I have a loop of instructions, for example (pseudocode):
for i = 1 to 1000000
It will take a lot of time. I would like to deduce some kind of progress and, more importantly, the remaining temporary rating for the user, so that they can decide whether they just have to sit there with their thumbs, go, have coffee, take a walk or go on a week-long vacation at that time how the algorithm compresses its numbers.
To simplify things, you can assume that the number of iterations will be large (for example, more than 100, so that you can print the move on each percentile).
The general algorithm is to simply measure the time of the last iteration, and then multiply by the number of remaining iterations and give this as a result. This is interrupted if each iteration can vary greatly depending on how long it takes to complete.
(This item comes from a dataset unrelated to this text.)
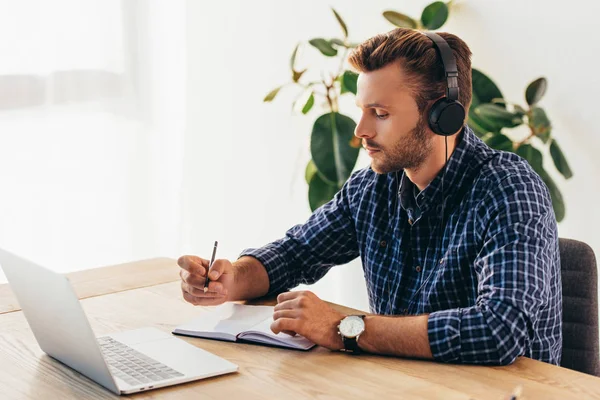 Webinar Masa Üstü Defterinde Office Ile Katılan Kulaklığımda Odaklı Adam — Stok fotoğraf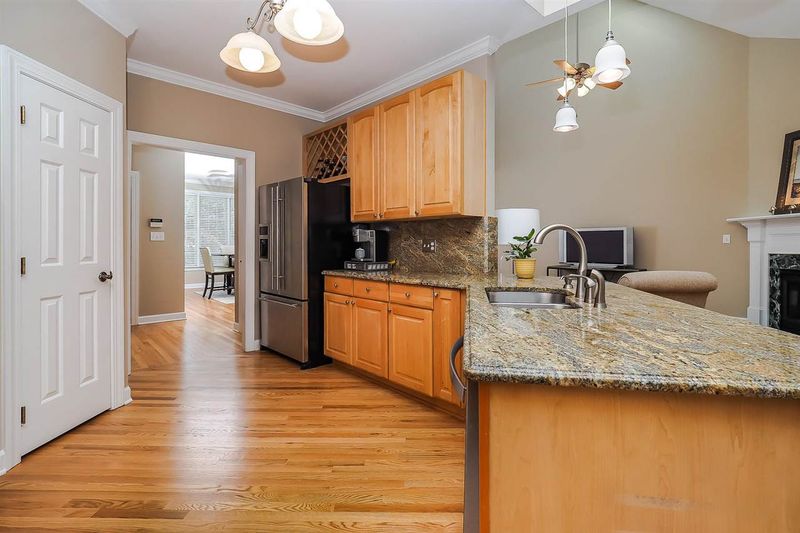 400 Briardale Ave, Cary, NC 27519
Another approach is to divide the time elapsed after the first iteration by the number of completed iterations, and then multiply this by the remaining iterations. This is interrupted if the durations of the iterations are not evenly distributed. For example, if the first few inputs are "difficult" and simplified by the end of the input array, the algorithm will reevaluate the remaining time until it almost completes (at which point it will be too high).
So, how can you get a better estimate of the remaining time, when the time of each iteration will be performed by an indirect, arbitrary function (such that it is inexpedient to analytically derive and realize the time until the completion of each iteration) iterative ordinate?
Two ideas that I can imagine can be fruitful areas of research, but I cannot fully explore myself at this time:
- The exponential average of the time to complete each past iteration, multiplied by the remaining iterations.
- Tracking time used to complete each iteration, then set the function and extrapolate.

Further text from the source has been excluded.